> [RECORD EXCERPTS]
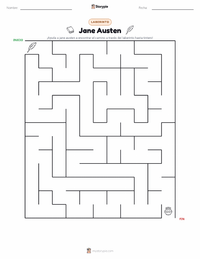 Vista previa de la hoja de trabajo imprimible de Jane Austen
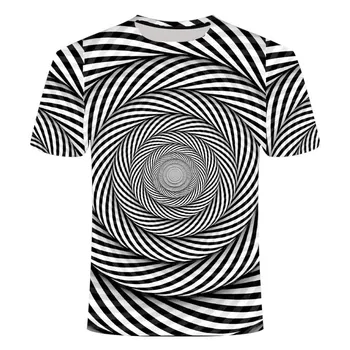 Nové 3D závrat hypnotické tlačiť T-shirt pánske, dámske vtipné krátke rukávy T-shirt, pánske tričko T-shirt, 3D art krátky rukáv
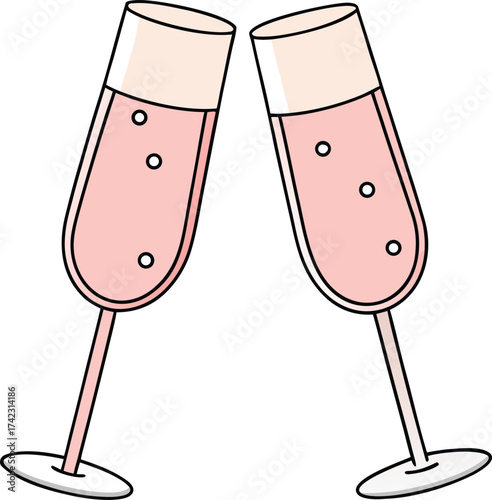 Two champagne glasses clinking with pink bubbly liquid champagne glasses, clinking vector illustration EPS file download.
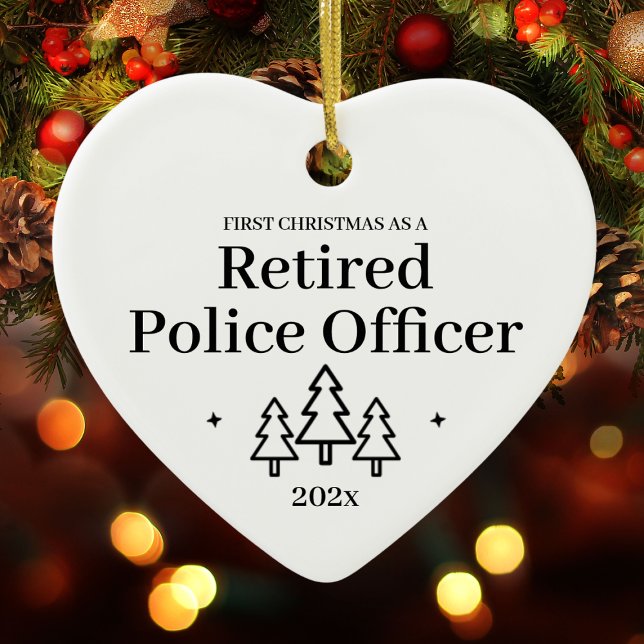 Ornamento De Cerâmica Primeiro Natal de aposentadoria policial aposentad (First Christmas Retired Police Officer Retirement Ceramic Ornament
)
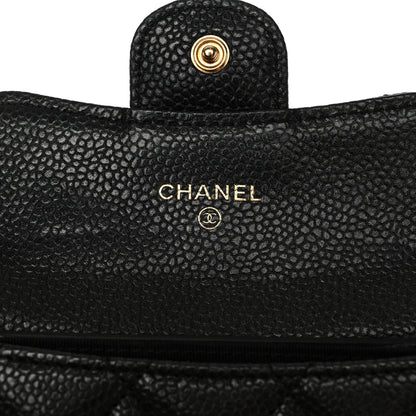 Chanel Caviar Quilted Flap Card Holder Wallet Black 8 of 9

> [REQUIRED WORK] Please write out all the entries above exactly, but leave out the pictures.

> [TASK ANSWER]
 Vista previa de la hoja de trabajo imprimible de Jane Austen
 Nové 3D závrat hypnotické tlačiť T-shirt pánske, dámske vtipné krátke rukávy T-shirt, pánske tričko T-shirt, 3D art krátky rukáv
 Two champagne glasses clinking with pink bubbly liquid champagne glasses, clinking vector illustration EPS file download.
 Ornamento De Cerâmica Primeiro Natal de aposentadoria policial aposentad (First Christmas Retired Police Officer Retirement Ceramic Ornament
)
 Chanel Caviar Quilted Flap Card Holder Wallet Black 8 of 9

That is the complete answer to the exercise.